Exercise brief.
Check each line of the records below for the word "Super" and copy those where it appears.

━━━━━ Input data ━━━━━

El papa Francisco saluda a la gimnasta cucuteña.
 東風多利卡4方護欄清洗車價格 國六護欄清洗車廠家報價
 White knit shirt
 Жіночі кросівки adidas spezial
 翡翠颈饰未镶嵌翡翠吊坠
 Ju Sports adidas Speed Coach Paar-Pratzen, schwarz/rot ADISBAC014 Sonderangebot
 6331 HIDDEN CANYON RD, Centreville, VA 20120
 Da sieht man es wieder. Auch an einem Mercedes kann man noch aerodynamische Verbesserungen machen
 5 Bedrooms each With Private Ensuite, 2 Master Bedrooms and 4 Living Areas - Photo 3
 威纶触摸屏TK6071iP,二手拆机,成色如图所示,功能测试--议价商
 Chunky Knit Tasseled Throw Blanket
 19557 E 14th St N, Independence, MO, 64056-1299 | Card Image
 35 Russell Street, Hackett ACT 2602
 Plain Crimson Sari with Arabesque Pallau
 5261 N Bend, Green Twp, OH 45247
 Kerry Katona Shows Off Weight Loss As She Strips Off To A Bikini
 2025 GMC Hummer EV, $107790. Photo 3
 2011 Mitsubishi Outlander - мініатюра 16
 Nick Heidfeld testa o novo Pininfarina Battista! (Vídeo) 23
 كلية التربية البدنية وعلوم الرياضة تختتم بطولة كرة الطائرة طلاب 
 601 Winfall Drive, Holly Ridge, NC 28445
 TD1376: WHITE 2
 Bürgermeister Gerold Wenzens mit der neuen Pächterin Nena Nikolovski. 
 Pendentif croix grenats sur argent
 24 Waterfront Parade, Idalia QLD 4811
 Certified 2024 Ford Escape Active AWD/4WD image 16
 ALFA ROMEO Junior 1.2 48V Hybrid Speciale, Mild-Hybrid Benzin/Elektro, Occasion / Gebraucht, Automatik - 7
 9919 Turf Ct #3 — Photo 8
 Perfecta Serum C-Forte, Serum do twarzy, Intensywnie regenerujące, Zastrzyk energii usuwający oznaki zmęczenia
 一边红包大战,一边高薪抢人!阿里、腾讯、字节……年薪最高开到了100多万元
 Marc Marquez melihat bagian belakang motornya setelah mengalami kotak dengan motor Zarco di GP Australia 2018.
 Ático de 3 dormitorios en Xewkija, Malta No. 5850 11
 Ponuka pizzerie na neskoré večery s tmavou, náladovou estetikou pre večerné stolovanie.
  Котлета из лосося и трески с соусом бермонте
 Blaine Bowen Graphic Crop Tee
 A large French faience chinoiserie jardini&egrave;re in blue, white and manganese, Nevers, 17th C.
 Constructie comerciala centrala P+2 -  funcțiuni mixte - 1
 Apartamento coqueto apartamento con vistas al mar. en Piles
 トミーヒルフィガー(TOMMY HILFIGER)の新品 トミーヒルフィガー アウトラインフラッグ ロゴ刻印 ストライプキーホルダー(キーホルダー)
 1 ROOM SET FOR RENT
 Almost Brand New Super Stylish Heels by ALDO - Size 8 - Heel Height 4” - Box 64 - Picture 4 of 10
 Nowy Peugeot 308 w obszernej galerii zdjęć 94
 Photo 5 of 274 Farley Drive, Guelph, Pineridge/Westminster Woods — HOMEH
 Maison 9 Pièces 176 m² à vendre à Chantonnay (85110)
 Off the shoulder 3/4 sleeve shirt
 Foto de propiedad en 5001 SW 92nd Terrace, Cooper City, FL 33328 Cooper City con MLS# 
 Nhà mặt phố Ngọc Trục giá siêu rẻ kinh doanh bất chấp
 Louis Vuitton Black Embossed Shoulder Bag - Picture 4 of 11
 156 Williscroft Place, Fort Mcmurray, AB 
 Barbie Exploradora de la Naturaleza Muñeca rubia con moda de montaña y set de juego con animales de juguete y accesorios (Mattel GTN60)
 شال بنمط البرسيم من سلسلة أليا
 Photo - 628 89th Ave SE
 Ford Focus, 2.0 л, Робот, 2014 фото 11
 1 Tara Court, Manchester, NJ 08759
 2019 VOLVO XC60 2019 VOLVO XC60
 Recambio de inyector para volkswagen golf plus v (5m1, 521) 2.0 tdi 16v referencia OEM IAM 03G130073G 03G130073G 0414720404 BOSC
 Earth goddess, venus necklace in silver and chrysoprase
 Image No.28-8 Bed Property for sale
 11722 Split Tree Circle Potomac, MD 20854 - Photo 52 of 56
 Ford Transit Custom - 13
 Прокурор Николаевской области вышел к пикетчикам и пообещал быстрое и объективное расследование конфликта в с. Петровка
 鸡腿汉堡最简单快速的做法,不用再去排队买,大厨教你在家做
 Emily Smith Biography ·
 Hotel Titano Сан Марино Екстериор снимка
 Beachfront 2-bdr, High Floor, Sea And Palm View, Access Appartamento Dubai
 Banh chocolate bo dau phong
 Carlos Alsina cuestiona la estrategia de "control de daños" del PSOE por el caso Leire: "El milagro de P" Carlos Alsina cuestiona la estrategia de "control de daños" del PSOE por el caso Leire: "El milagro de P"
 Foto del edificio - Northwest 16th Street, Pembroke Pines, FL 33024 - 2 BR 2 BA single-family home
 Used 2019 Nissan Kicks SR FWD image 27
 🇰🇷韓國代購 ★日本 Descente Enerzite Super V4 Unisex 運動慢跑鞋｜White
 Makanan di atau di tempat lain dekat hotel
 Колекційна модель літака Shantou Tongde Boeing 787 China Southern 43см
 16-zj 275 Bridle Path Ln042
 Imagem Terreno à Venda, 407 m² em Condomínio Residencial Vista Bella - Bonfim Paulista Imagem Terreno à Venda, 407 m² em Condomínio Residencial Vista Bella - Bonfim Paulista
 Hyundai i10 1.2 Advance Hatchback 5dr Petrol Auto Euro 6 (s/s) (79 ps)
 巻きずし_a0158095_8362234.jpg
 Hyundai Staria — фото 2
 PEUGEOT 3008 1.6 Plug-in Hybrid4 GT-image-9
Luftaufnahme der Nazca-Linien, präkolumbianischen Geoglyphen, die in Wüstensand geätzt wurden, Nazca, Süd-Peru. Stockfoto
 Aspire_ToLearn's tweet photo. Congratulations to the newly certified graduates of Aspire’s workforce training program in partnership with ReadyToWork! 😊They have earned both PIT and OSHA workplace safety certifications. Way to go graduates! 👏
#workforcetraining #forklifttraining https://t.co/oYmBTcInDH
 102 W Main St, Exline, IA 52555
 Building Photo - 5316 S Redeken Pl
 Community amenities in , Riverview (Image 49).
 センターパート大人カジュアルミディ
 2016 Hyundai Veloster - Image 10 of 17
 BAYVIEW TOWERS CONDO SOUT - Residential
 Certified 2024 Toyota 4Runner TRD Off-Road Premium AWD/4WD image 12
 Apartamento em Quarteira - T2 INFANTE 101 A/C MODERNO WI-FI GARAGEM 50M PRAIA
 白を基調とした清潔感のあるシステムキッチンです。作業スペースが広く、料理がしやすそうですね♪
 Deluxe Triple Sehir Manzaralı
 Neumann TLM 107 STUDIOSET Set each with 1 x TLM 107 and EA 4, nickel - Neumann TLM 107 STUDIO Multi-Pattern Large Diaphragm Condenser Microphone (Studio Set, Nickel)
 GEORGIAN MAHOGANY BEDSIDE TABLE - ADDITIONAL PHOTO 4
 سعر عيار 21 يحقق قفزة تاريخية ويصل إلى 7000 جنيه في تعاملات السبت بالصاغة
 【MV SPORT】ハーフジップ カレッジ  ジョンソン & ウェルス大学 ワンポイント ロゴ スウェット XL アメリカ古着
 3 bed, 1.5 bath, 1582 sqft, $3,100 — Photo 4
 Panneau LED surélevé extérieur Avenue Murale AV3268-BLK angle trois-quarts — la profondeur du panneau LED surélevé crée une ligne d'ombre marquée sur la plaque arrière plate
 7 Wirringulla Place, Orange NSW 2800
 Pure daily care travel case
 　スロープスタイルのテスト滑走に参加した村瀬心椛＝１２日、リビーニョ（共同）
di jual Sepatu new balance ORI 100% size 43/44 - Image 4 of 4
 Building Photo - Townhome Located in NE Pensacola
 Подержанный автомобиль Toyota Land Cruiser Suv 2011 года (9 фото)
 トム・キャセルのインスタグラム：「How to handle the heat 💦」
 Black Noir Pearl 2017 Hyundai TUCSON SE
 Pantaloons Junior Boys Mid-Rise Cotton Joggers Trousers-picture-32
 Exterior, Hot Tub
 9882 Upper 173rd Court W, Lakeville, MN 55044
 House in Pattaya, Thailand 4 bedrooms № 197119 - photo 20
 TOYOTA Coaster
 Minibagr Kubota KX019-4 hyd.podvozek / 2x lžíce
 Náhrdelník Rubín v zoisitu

━━━━━

Answer to the exercise.
 Almost Brand New Super Stylish Heels by ALDO - Size 8 - Heel Height 4” - Box 64 - Picture 4 of 10
 🇰🇷韓國代購 ★日本 Descente Enerzite Super V4 Unisex 運動慢跑鞋｜White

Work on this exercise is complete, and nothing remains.